▶ _Exercise goal_: Transcribe exactly the span of lines that begins the records and ends with the line holding "Diamond-Cut Band Ring", both boundary lines included.

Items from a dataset
:::::
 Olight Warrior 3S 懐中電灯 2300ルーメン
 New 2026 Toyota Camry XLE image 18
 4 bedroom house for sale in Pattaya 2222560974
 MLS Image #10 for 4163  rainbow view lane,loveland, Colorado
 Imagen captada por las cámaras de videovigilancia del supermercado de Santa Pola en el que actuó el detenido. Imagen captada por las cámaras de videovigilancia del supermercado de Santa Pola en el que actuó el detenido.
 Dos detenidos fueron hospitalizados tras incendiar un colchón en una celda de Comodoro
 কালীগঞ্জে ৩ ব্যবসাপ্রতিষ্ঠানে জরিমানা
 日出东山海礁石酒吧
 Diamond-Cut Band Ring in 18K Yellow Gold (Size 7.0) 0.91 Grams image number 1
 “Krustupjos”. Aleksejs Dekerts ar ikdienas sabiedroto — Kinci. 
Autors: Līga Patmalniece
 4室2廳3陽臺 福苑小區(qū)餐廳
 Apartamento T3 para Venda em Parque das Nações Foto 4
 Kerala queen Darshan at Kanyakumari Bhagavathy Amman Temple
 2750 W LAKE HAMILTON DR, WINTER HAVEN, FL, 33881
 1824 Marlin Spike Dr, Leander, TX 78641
:::::
▶ _Exercise response_:
 Olight Warrior 3S 懐中電灯 2300ルーメン
 New 2026 Toyota Camry XLE image 18
 4 bedroom house for sale in Pattaya 2222560974
 MLS Image #10 for 4163  rainbow view lane,loveland, Colorado
 Imagen captada por las cámaras de videovigilancia del supermercado de Santa Pola en el que actuó el detenido. Imagen captada por las cámaras de videovigilancia del supermercado de Santa Pola en el que actuó el detenido.
 Dos detenidos fueron hospitalizados tras incendiar un colchón en una celda de Comodoro
 কালীগঞ্জে ৩ ব্যবসাপ্রতিষ্ঠানে জরিমানা
 日出东山海礁石酒吧
 Diamond-Cut Band Ring in 18K Yellow Gold (Size 7.0) 0.91 Grams image number 1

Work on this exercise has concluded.